This is a bit random for me, but I figured I’ve shared this with enough mom-friends lately that it was time to write a post. File this under “Tips for Flying with a Toddler.”
First things first: I confess, we resort to screen-time with Hudson in travel situations. (Mock gasp.) Long trips in cramped, crowded, confining situations? Time to break the rules.
If you’ve ever handed over your iPhone or iPad to a toddler for distraction on a plane (or in the doctor’s office or while making important decisions in furniture stores… or anywhere else), then you’ve probably cursed Apple for not having a screen-lock option.
And guess what? The last operating system, iOS 6, introduced an accessibility feature called Guided Access. It’s like they finally listened. It’s game-changing. It may as well be called “kid mode.”
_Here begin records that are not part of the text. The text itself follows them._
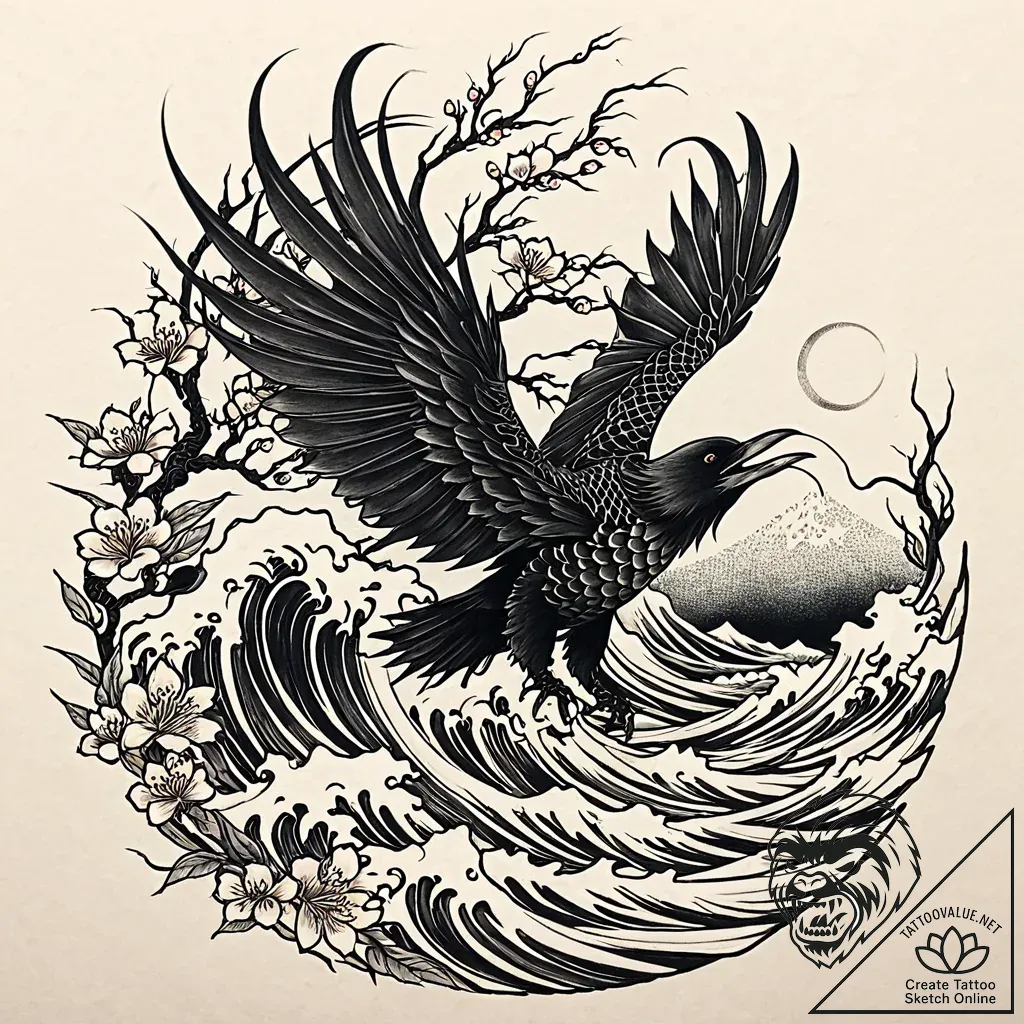 Burning raven with ash wings, tattoo line art... - style Jaeger Mini - tattoo sketch (04.11.2025 18:18)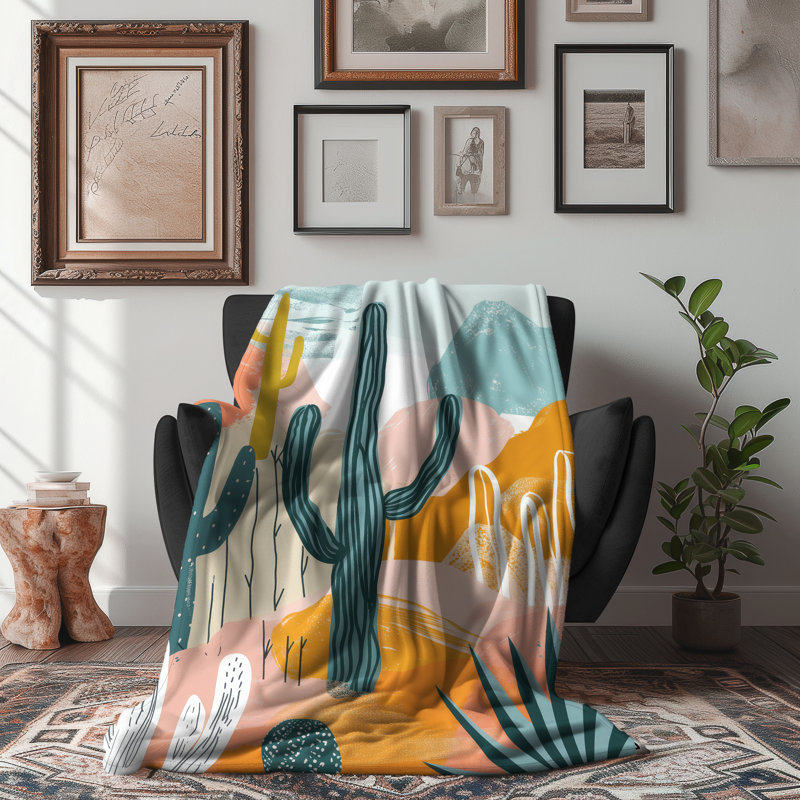 Boho Desert Whispers - couverture sherpa de qualité supérieure 1 pièce - reproduction d'art luxueuse, Lit simple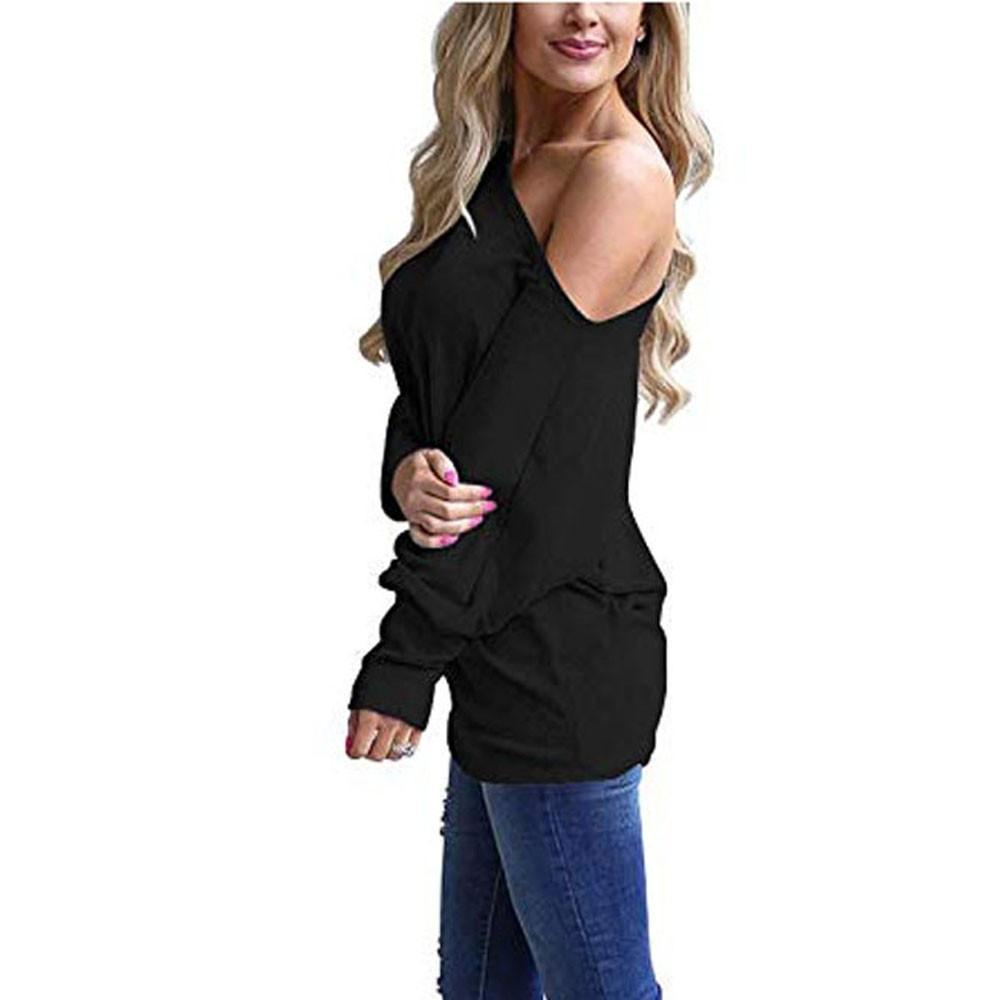 Women's Off Shoulder Long Sleeve Oversized Pullover Sweater Knit Jumper Loose Tunic Tops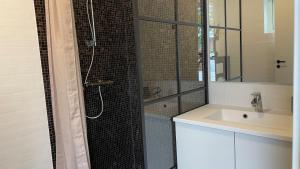 安斯艾厄Holiday Rooms Møllebo的带淋浴、水槽和镜子的浴室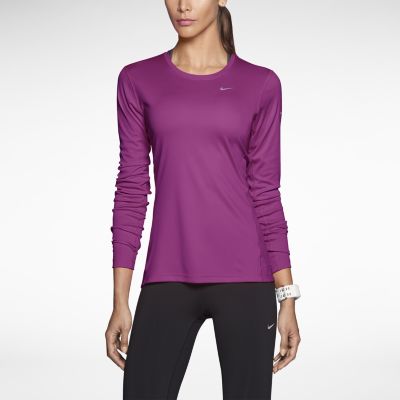 Nike Miler Long Sleeve Womens Running Shirt   Bright Magenta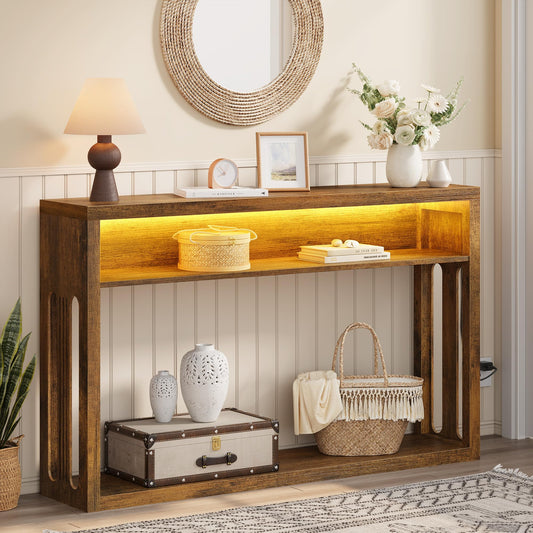 FAVOOSTY Farmhouse Console Table with Storage, 47" Entryway Console Table with Led Light, 2-Tier Entryway Table Sofa Table Behind Couch Table Hallway Stand for Living Room,Foyer,Entrance Brown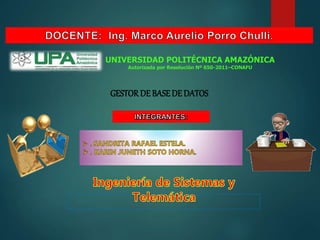 UNIVERSIDAD POLITÉCNICA AMAZÓNICA
Autorizada por Resolución Nº 650-2011–CONAFU
GESTORDE BASEDE DATOS
 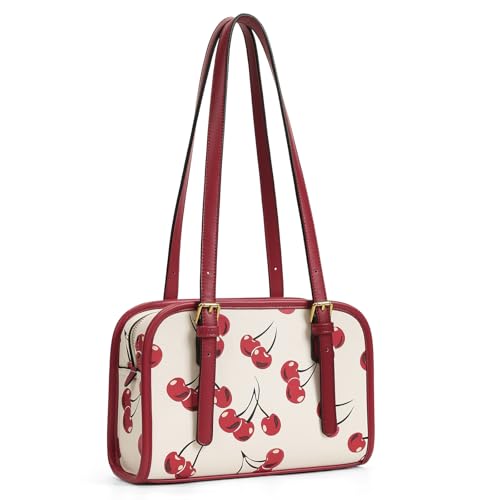 Shoulder Bag Red Purse for Women Leather Swing Bag Zip Handbag Burgundy Purse with Cherry Pendant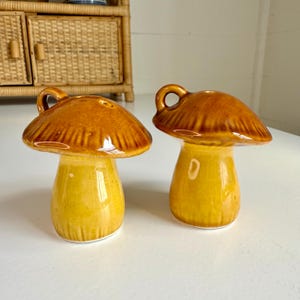 Vintage Mushroom Salt and Pepper Shakers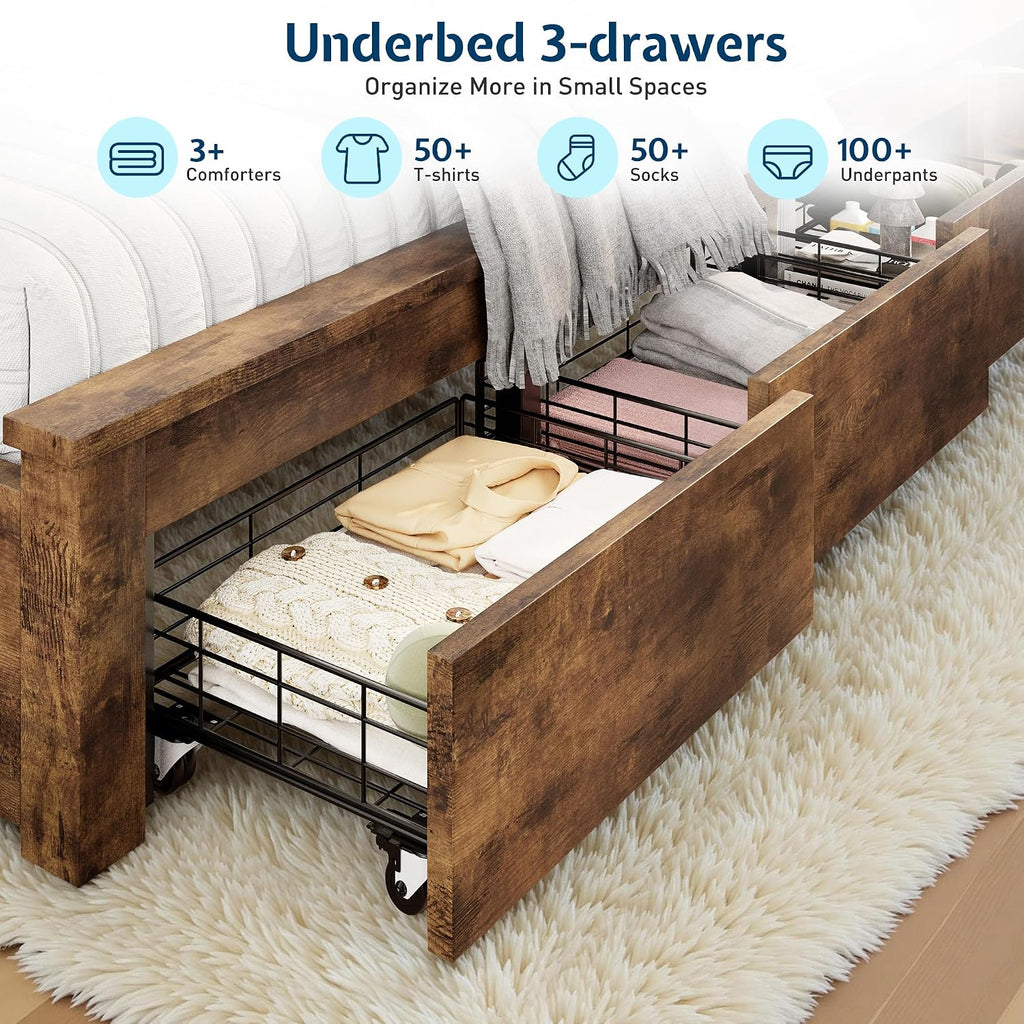 Jocisland Twin Bed Frame with Storage Drawers, Bookcase Headboard, USB Charging, RGB Lights, Farmhouse Wood Daybed No Box Spring Needed, Rustic Oak | 49' tall shelving
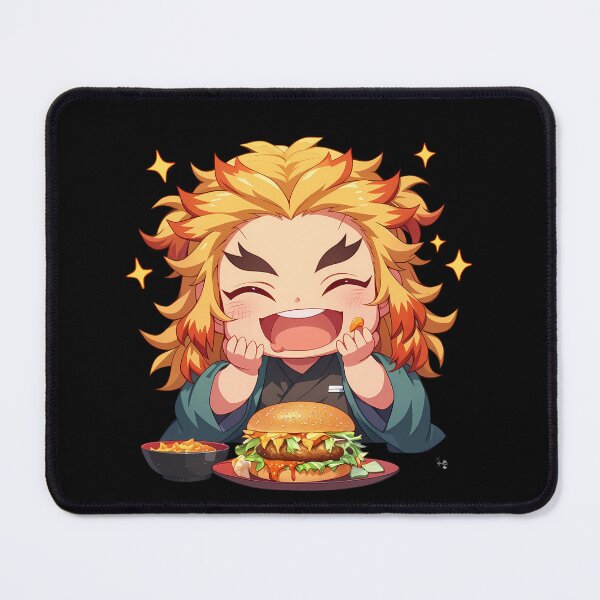 Item preview, Kyojuro Rengoku Demon Slayer Chibi Burger Flame Joy Feast designed and sold by earlobejerk.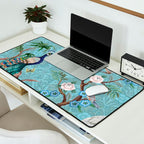 Chinoiserie Aqua Turquoise Peacock Garden & William Morris Art  Desk Mat Gallery Image 2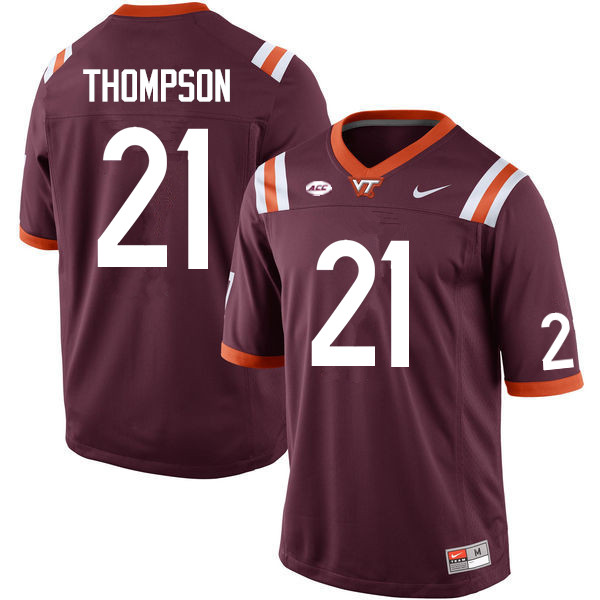Men #21 Nadir Thompson Virginia Tech Hokies College Football Jerseys Sale-Maroon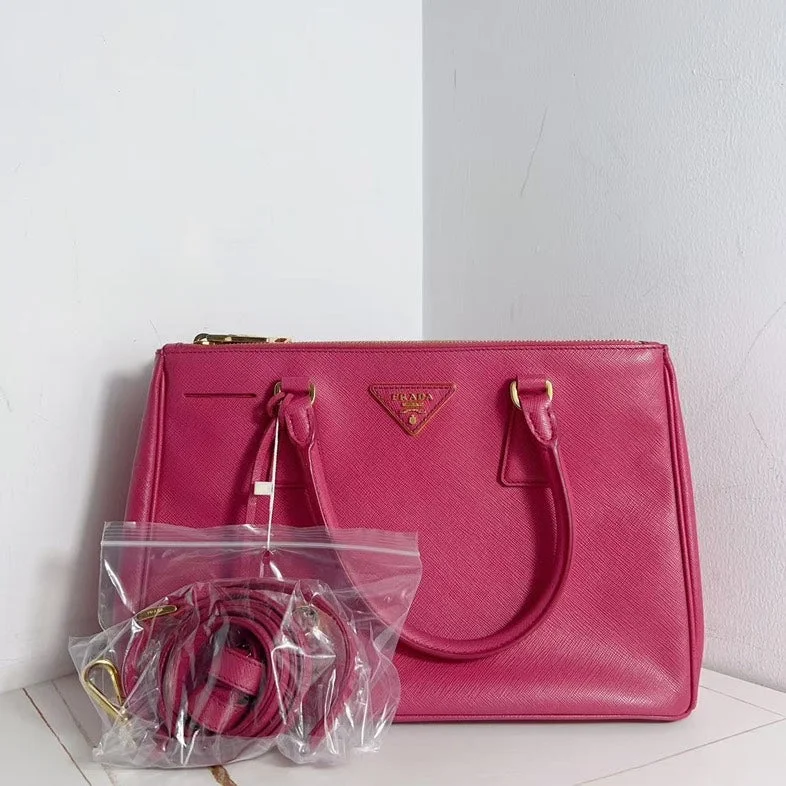 Ladies Prada shoulder bags with a wide - width strap for enhanced comfortPrada Galleria Hot Pink Textured Calfskin Handbag Crossbody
It allows a parent to control screen-time and limit access to one app (or video) by disabling the Home button, and by giving the option to restrict touch input on certain areas of the screen.
Simply go into Settings and tap General>Accessibility>Guided Access to turn it on and select a 4-digit passcode (that you’ll have to remember to get in and out of the locked screen).
The next time you open the app (or start the video) you want to run for them, triple-click the home button and choose which restrictions you want in place. I usually circle the top row and bottom row of the screen so that all of the touch-screen options (like “share” and “pause,” etc.) are off-limits. This keeps him from accidentally pausing or exiting an episode of Caillou every five seconds. Or firing off random tweets. Or deleting personal photos.
To stop the session (even if it’s just to adjust the volume), you triple-click the home button again, enter your passcode, and select end. You can use the triple-click/guided access trick any time, once you’ve set-up the option in Settings.
No judgment. There’s still plenty of time for this.